Monday, August 13, 2007

The Surface/Symbol Divide

The Surface/Symbol Divide: This approach to knowledge discovery is fixed at the surface level of text (and the surface level of the representation language of documents, to be complete). Consequently, the performance of the system highlights both what is good about statistical surface techniques (little training required - which is often the case for systems that work with both document structure, textual data and high precision seed input; works in (m)any language(s); fast) and what is bad (has no real knowledge of language). (Via Data Mining.)

What is "real knowledge of language"? Where does it come from? Why is it unobtainable with statistical techniques? For all we know, a somewhat more sophisticated statistical inference procedure might get rid of some of the errors that Matt highlights (I have some ideas that are too tentative to discuss). More generally, given how quickly our understanding of language acquisition is changing, how can anyone say surely what "real knowledge of language" entails? It's time to retire the essentialism of "colorless green ideas".

4 comments:

Matthew Hurst said...

Fernando - I think you have mis-parsed 'no real knowledge of language' in this case. It is not ((real knowledge) of language) it is (real (knowledge of language)). It is a subtle difference, but it is a difference. You should, then, be asking 'what is "knowledge of language"?' In this case, it would be the ability to distinguish parts of speech - clearly, this system is not capable of doing this.

Fernando Pereira said...

I too thought "(real (knowledge of language))" is what you meant. My general point is that "knowledge of language" has the same lack of explanatory power as other essences like "vital force". More specifically, you must know that parts-of-speech can be distinguished fairly well by unsupervised "surface" statistical methods. This system does not do this because there are only so many hours in the day of even the brightest graduate student.

William Cohen said...

Fernando says: "...parts-of-speech can be distinguished fairly well by unsupervised "surface" statistical methods. This system does not do this because there are only so many hours in the day of even the brightest graduate student."

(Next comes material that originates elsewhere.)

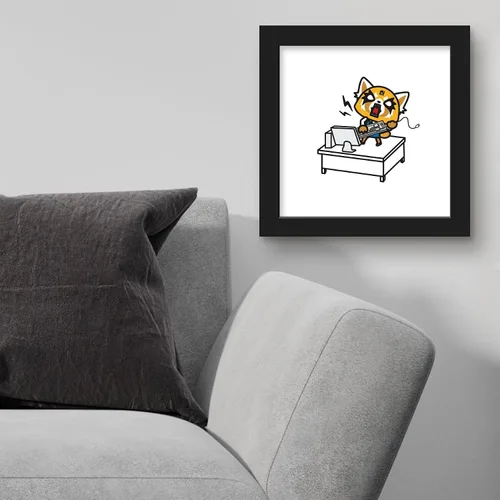 Vista 3 de Trends International Gallery Pops Sanrio Aggretsuko Retsuko Desk Rage - Póster de pared, 12.00 x 12.00 pulgadas, versión de marco negro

Also because a) it's mostly finding semi-structured pages (lists and tables and such) where POS tagging would be less reliable, and b) because it's language-independent.

I generally agree with both of you. I think the specific problem Matt points out can be (and probably will be) fixed with some additional analysis.

But I think the overall question remains - there are clear limitations to this sort of technique. It's very much oriented toward exploiting redundancy across sites, and it doesn't usually work for things that aren't relatively popular and well-known named entities. This is a sort of wisdom-of-crowds result, and finesses the problem of doing any real understanding of any particular page. In fact, it will get poor results on many of the hundreds of pages it processes - it works because its aggregating information across many poorly-understood information sources.

Fernando Pereira said...

Regarding William's point b: for this task, you do not need POS tags, but a way of classifying tokens based on use and context that carries the relevant information, which is the distinction between proper names and other lexical categories. Of course, that assumes some morphological preprocessing, which might be challenging for highly inflected languages.